Avant d’expliquer ce qu’est un Etat déliquescent, il faut dire que le hirak a amené des solutions au sujet de ces questions précises. Aujourd’hui, nous ne pouvons plus parler d’autoritarisme. Nous avons le droit de parler et cela est un élément important en faveur du hirak qu’il ne faut pas négliger.
Mais la presse reste muselée…
Muselée, peut-être, mais il y a quand même des modes d’expression. Ce n’est plus comme auparavant ou lorsque vous parliez, vous étiez totalement écarté. Aujourd’hui, nous pouvons parler dans certaines conditions et c’est déjà un point acquis. Le deuxième point en faveur du hirak est celui-ci : qui pourrait venir aujourd’hui dire qu’il est le père du peuple ? Personne.

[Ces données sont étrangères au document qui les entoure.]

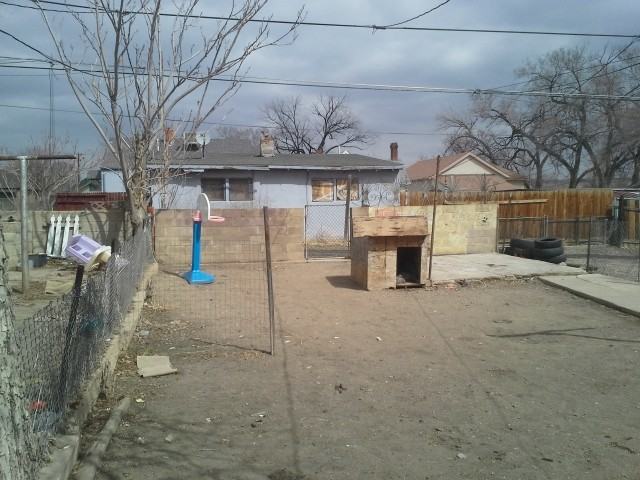 425 E Beech St - Photo 3 of 9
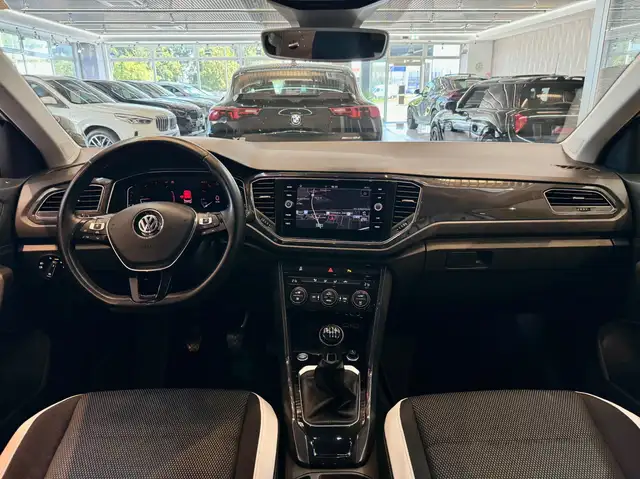 Volkswagen T-Roc view 12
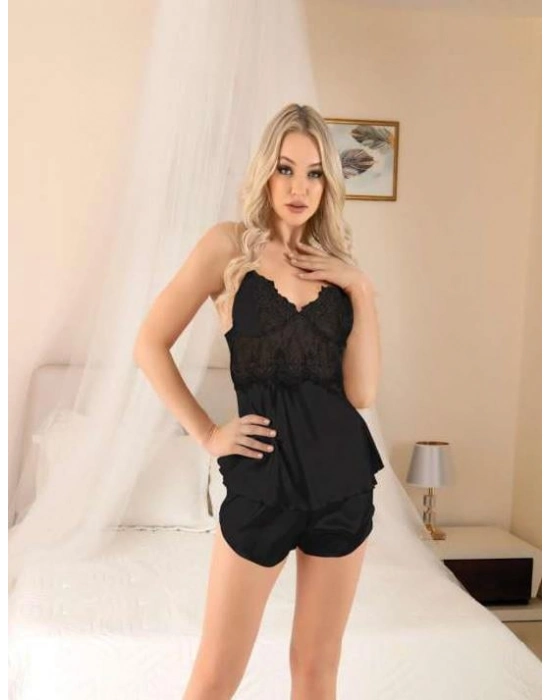 Siyah Dantel İşlemeli İnce Askılı Saten Şortlu Takım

Il faut bien considérer le travail qui est fait en faveur du hirak, aussi bien dans la société que dans le système du pouvoir, mais un travail qu’il faudra capitaliser.
Je reviens à la situation du pouvoir. L’état de ce dernier fait que nous sommes arrivés à un Etat déliquescent. Les critères scientifiques définissant un Etat déliquescent sont cinq. Le premier est l’institutionnalisation de l’ignorance scientifique et de l’inertie. Moins vous avez de savoir scientifique, moins vous êtes capable d’engagement et plus vous avez de chance de monter dans la hiérarchie de l’Etat. Le deuxième critère d’un Etat déliquescent est le culte de la personnalité. Le troisième est l’institutionnalisation de la corruption. Cette dernière devient une institution et non un comportement. Ce qui fait qu’on ne peut ne pas lutter contre la corruption sans changer les institutions. Le quatrième critère est le nombre restreint d’individus qui prennent des décisions stratégiques au téléphone à la place des institutions habilitées. Le cinquième et dernier critère est l’émiettement des pôles au sommet de la hiérarchie de l’Etat. Ils sont d’accord pour le gâteau mais pas sur son partage. Malheureusement, ces cinq critères sont bien présents. Nous sommes dans un Etat déliquescent par définition scientifique.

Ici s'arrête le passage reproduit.